Member of the Virginia House of Delegates from the 53rd district
- In office January 12, 1983 – January 13, 1988
- Preceded by: None (district created)
- Succeeded by: Bill Howell

Member of the Virginia House of Delegates from the 20th district
- In office January 13, 1982 – January 12, 1983
- Preceded by: Lewis P. Fickett Jr.
- Succeeded by: Kenneth E. Calvert

Personal details
- Born: Thomas McCarty Moncure Jr. June 9, 1951 (age 75) Fredericksburg, Virginia, U.S.
- Party: Republican
- Alma mater: Virginia Military Institute George Mason University

Military service
- Allegiance: United States
- Branch/service: United States Army Reserve
- Years of service: 1973–1999
- Rank: Captain
- Unit: Military Police Corps

= Thomas M. Moncure Jr. =

American politician (born 1951)

Thomas McCarty Moncure Jr. (born June 9, 1951) is a Virginia lawyer and Republican politician who served part-time as a member of the Virginia House of Delegates, representing his native Fredericksburg between 1982 and 1988, initially along with all of Stafford County, Virginia, but later with only parts of Stafford County as well as parts of Fauquier County.

==Early and family life==
Born in Fredericksburg, Virginia to lawyer Thomas McCarty Moncure (1920-2009) and his wife, Harriet Spangler, Tom Moncure graduated from the Virginia Military Institute with a B.A. in English. He later received a M.A. in history from George Mason University. He served in the U.S. Major reserves, achieving the rank of Captain with the military police.

==Career==
Moncure was admitted to the Virginia Bar in 1979. While in private legal practice for a decade, as discussed below he also served part-time in the Virginia General Assembly, as had his grandfather, Frank P. Moncure (1889-1969) -- but as a Republican rather than as a conservative Democrat as was the elder Moncure. From 1989 until 1991, Moncure was assistant counsel to the National Rifle Association of America before resuming his public service career.

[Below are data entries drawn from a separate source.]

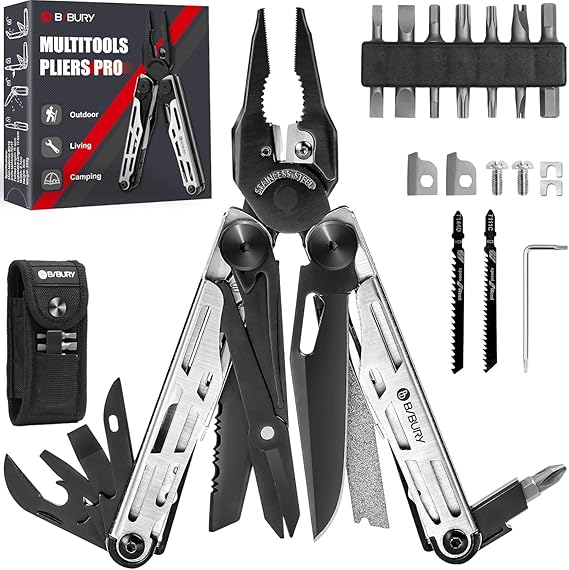 BIBURY Multitool Pliers Pro BI2045, Stainless Steel 31-in-1 Multi Tool Pliers with Replaceable Wire Cutters and Saw,Foldable Multitools with Scissors and Screwdriver, Ideal for Camping,Survival,Repair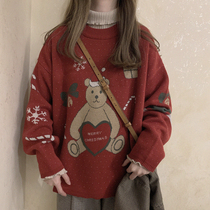 Original Christmas Loving Gift Little Bear Cute Retro Teenage Girl Ultra Loose Red Sweater K
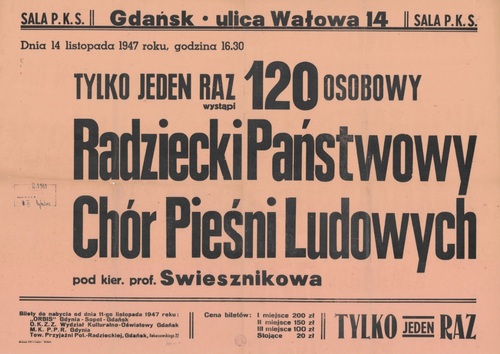 Plakat zapowiadający wystę chóru Swiesznikowa w Gdańsku (ze zbiorów Biblioteki Narodowej)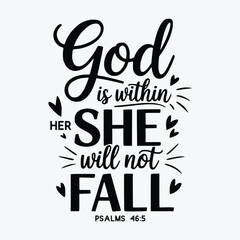 Fototapeta premium God Is Within Her She Will Not Fall Png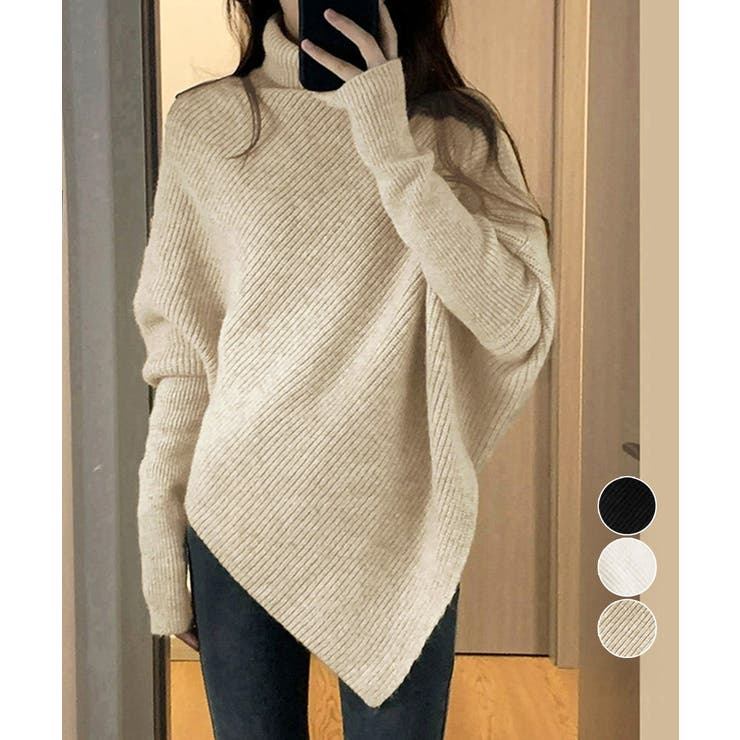 ハイネックニットセーター 不規則デザイン | Miniministore | 詳細画像1 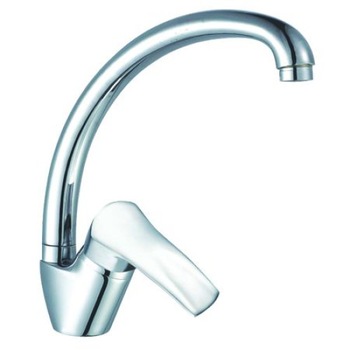 Baterie monocomanda lebada, Cartus ceramic in doua trepte 40 mm, Material alama, Finisaj crom + Set cutite 3 piese Baterie monocomanda lebada, Cartus ceramic in doua trepte 40 mm, Material alama, Finisaj crom + Set cutite 3 piese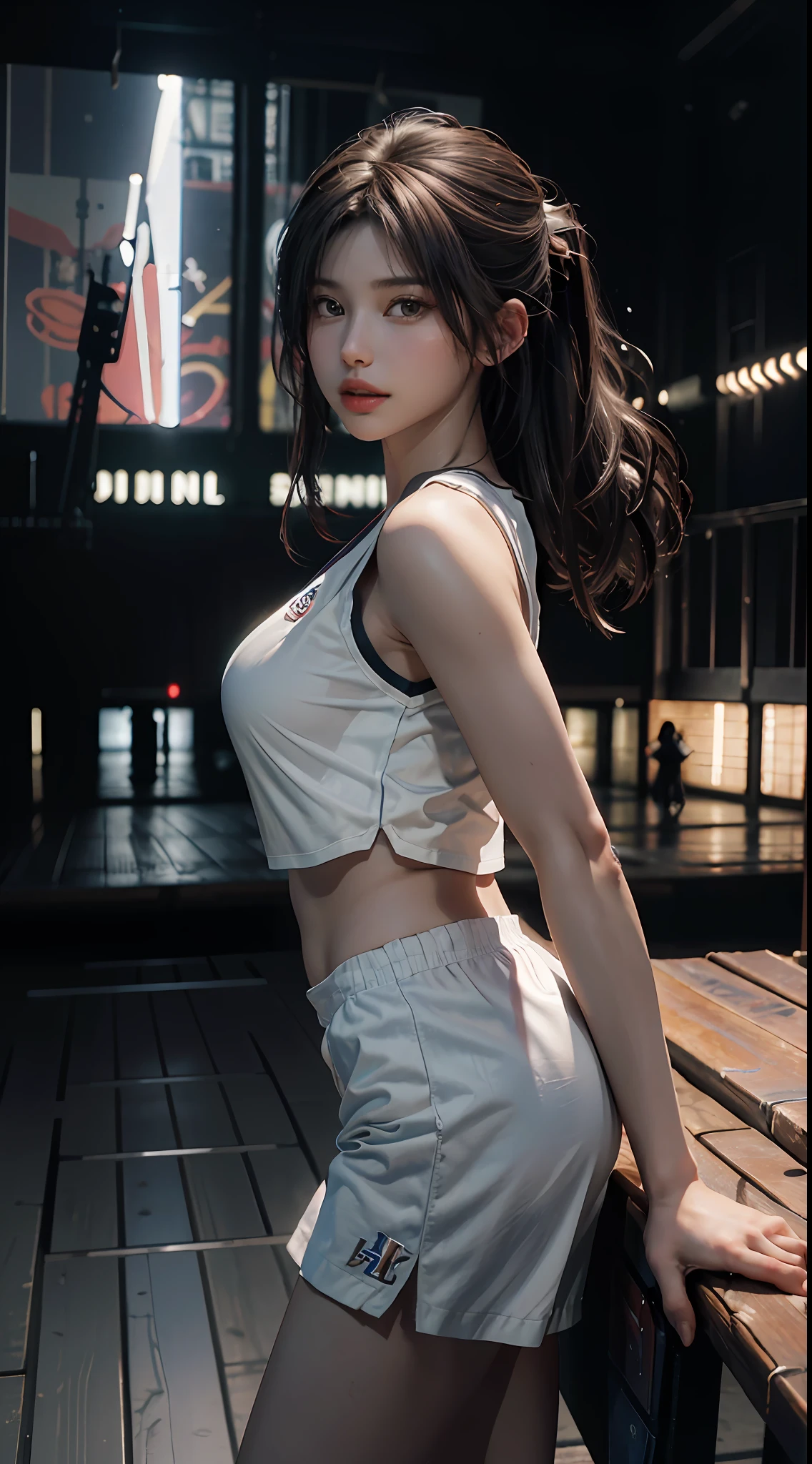 (RAW photo, 4k, masterpiece, high resolution, extremely complex) (realistic: 1.4), cinematic lighting
1 pretty girl, white skin, big breasts, single focus, summer noon, hot, 1990s \(style\), (best quality), (highres), (an extremely delicate and beautiful),,(Beautiful 8k face), (brown eyes), (ulzzang-6500:1.0), (solo), (looking side) ,(spectators),(large breasts),(NBA),Beautiful movements
lookside,(side), ,(Basketball sportswear),((Play basketball)),((gymnasium)),((speed)),(reality),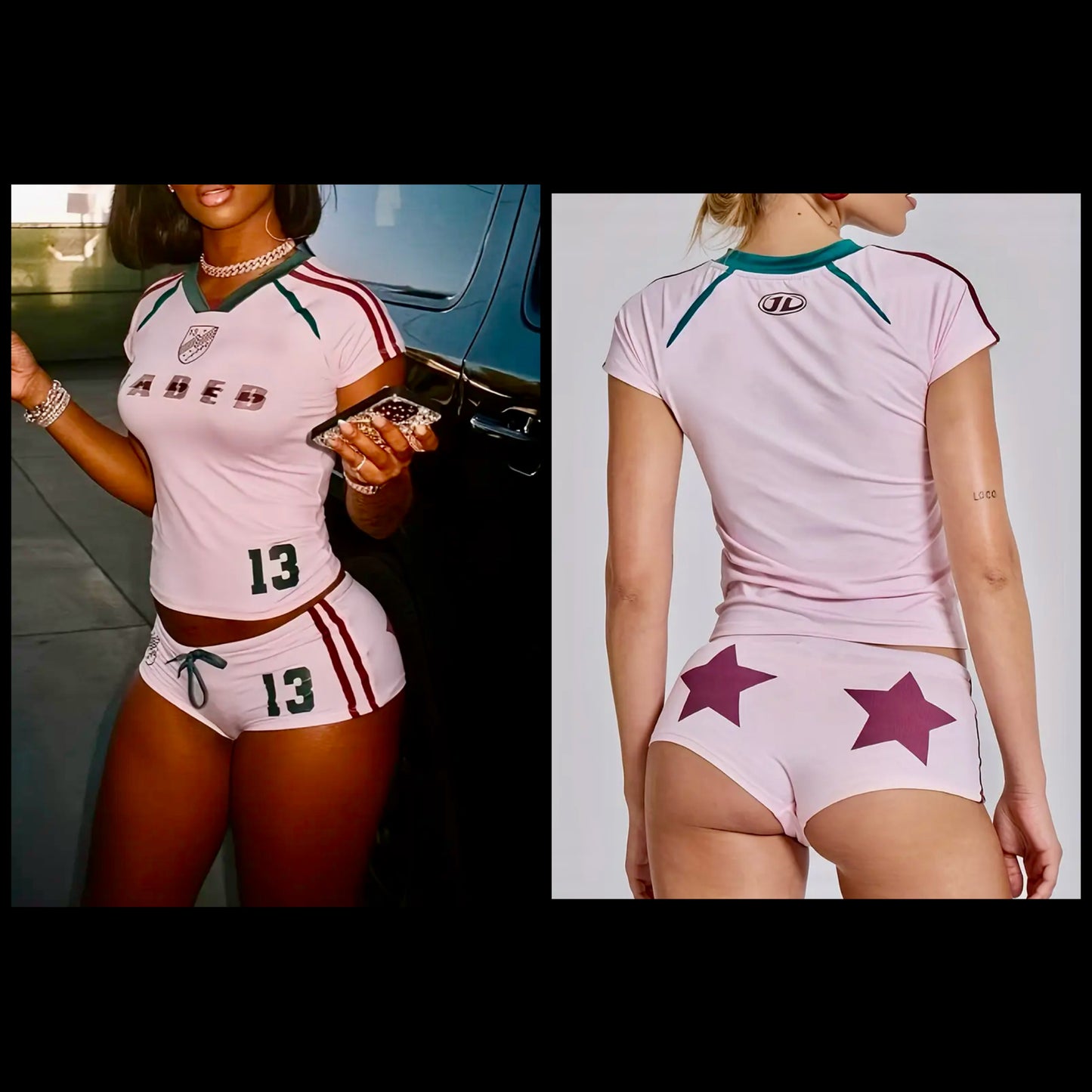 “Star Spangled Heaux” short set (pink)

In 1981, Moncure defeated four-term Democratic delegate Lewis P. Fickett Jr., winning 54.5% of the vote. He ran unopposed in the 1982 and 1985 elections, and easily defeated his Independent opponent in 1983. His district was initially numbered the 20th and titled "Stafford County and Fredericksburg" but by the 1982 election it was renumbered the 53rd and included parts of Stafford and Fauquier Counties as well as Fredericksburg. His successor was fellow Republican William J. Howell, now the Speaker of the Virginia House of Delegates.

In November 1991, Moncure was elected Clerk of Stafford County, and served until January 2002. Beginning in 2002 Moncure served as senior counsel to Virginia Attorneys General Jerry Kilgore and Judith Jagdmann. He is also a member of the Virginia Code Commission. Since 2006, he has been University Counsel for George Mason University.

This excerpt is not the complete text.